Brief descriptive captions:
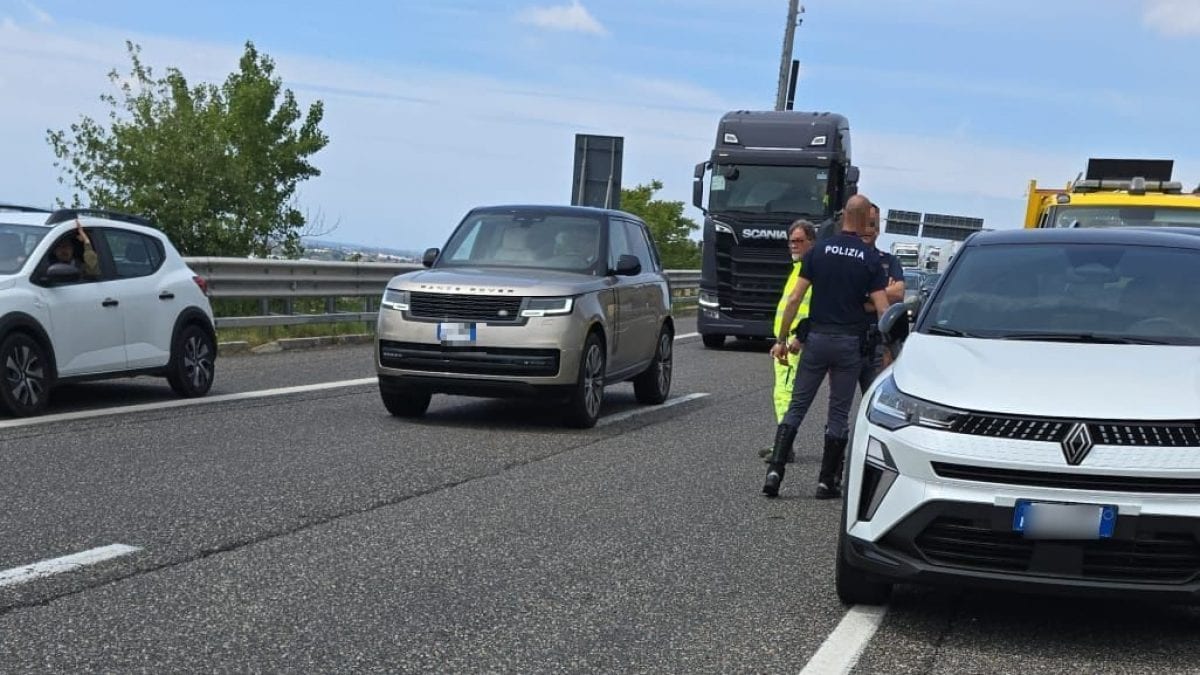 A2 Salerno-Reggio nel caos: scontro tra Eboli e Battipaglia, feriti
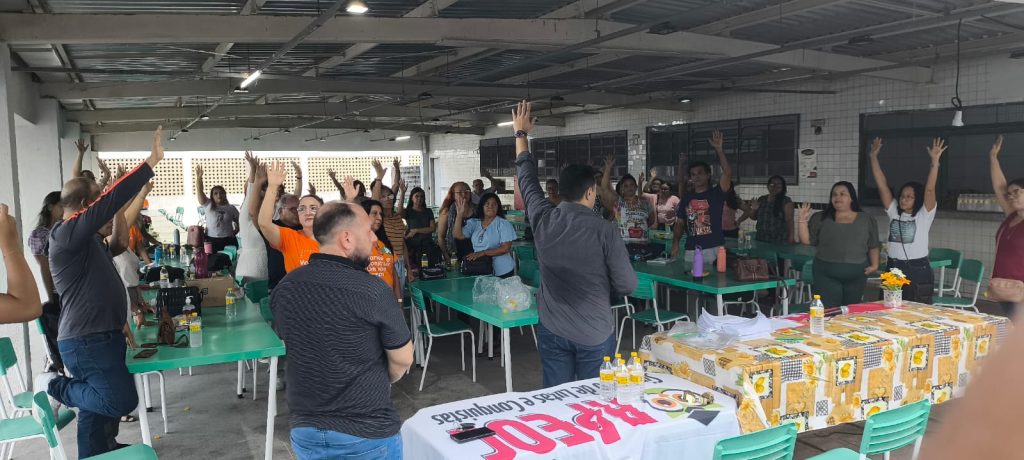 PACATUBA: APEOC PROMOVE ASSEMBLEIA COM A CATEGORIA E APROVA ATUAÇÃO DO SINDICATO NAS AÇÕES DO FUNDEF, FUNDEB E PREV-FUNDEB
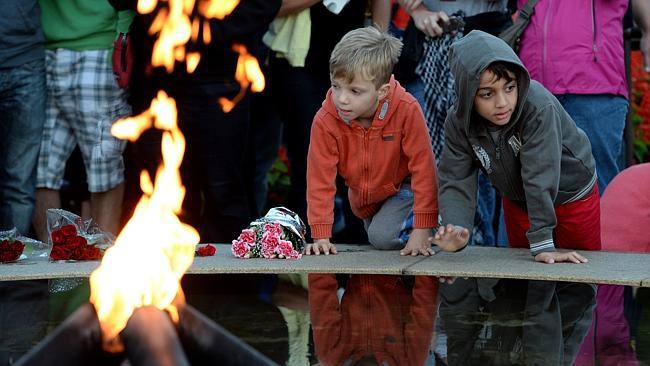 The 2014 ANZAC Day Dawn Service at Kings Park in Perth is attended by around 40,000 people.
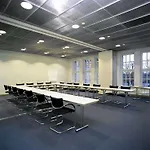 Congress Am Stadtpark 4*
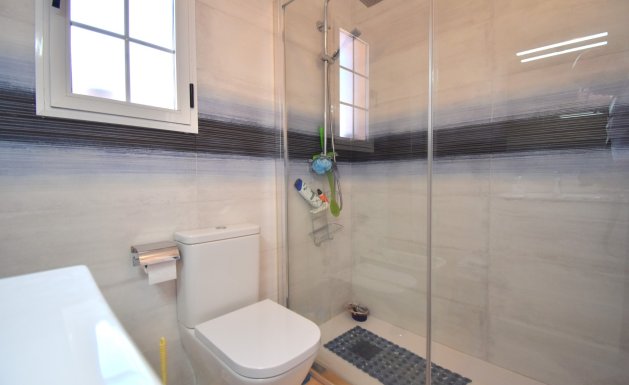 Herverkoop - Detached House / Villa - Orihuela Costa - Playa Flamenca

[PROBLEM REQUIREMENTS] Pictures stay out; the records above are otherwise reproduced exactly.

[RESPONSE]
 A2 Salerno-Reggio nel caos: scontro tra Eboli e Battipaglia, feriti
 PACATUBA: APEOC PROMOVE ASSEMBLEIA COM A CATEGORIA E APROVA ATUAÇÃO DO SINDICATO NAS AÇÕES DO FUNDEF, FUNDEB E PREV-FUNDEB
 The 2014 ANZAC Day Dawn Service at Kings Park in Perth is attended by around 40,000 people.
 Congress Am Stadtpark 4*
 Herverkoop - Detached House / Villa - Orihuela Costa - Playa Flamenca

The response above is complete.